To be honest, the code just slightly reeked to me, I was not completely sure. However, we can run a test using BigFloats:

using Statistics
A = rand(10000) .+ 4
Ab = big.(A)
res = @. sqrt(Ab ^ 7) # let's consider this ideally precise

std(@. res - A^3.5)              # 9.5e-15
std(@. res - A^3 * sqrt(A))      # 2.0e-14

2X precision difference :grinning_face:

So which of these fixes and suggestions are still valid these days?

We’re outside of my area of expertise, so (a) happy to have an excuse to play around and learn a bit and (b) would love to hear from someone on this forum that knows more! My understanding was that sqrt itself is required to be accurate by IEEE to 0.5 ULP, and that as a transcendental function pow is recommended but not mandated to be accurate to the same level (and, hence, whether it is or not is is implementation-defined).

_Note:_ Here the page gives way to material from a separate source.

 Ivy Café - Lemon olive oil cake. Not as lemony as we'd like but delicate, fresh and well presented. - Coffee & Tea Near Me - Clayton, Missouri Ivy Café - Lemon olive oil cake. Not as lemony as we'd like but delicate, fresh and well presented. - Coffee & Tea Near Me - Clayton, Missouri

I like the idea of using BigFloat as an oracle to easily measure how accurate different versions are. At a minimum, though, I think we should be measuring in ULPs relative to the answer. Something like:

using Statistics

function ulp_test(f, domain; n_samples=100000)
    a, b = extrema(domain)
    x = a .+ rand(Float64, n_samples) .* (b - a)
    vals = f.(x)
    big_float_x = BigFloat.(x)
    exact_vals = f.(big_float_x) # "exact"
    ulp_scale = eps.(Float64.(exact_vals)) # measure ULP relative to answer
    ulp_errors = (vals .- exact_vals) ./ ulp_scale

    return (
        std_ulp = Float64(std(ulp_errors)),
        max_abs_ulp = Float64(maximum(abs, ulp_errors))
    )
end

Running a few tests:

julia> ulp_test(x->sqrt(x),(0.0,1.0))
(std_ulp = 0.28975401566751907, max_abs_ulp = 0.49999874016920975)

julia> ulp_test(x->x^pi,(0.0,1.0))
(std_ulp = 0.875775912554217, max_abs_ulp = 9.312060290475852)

julia> ulp_test(x->x^3.1415926,(0.0,1.0))
(std_ulp = 0.2892737541146482, max_abs_ulp = 0.5210410859100494)

So far, as expected: the sqrt function correctly rounds, and exponentiation doesn’t have to according to this (probably not-quite-correct) function. On the other hand, switching to exponentiation by a quantity which is more clearly a float looks basically fine.

Finally, we can look at the question at hand:

julia> ulp_test(x->x*x*x*sqrt(x),(0.0,100.0))
(std_ulp = 0.6003549004331392, max_abs_ulp = 2.5012293636064946)

julia> ulp_test(x->x^3.5,(0.0,100.0))
(std_ulp = 0.2887374737640995, max_abs_ulp = 0.5205982181157858)

Quite clear: in the first (faster) version, the ULP errors accumulate over all of the internal operations used to build up an expressions, as one would expect. In the second version, Julia is clearly using a slower version of exponentiation that maintains accuracy over the domain.

Whether this difference in accuracy is relevant is, of course, domain-specific.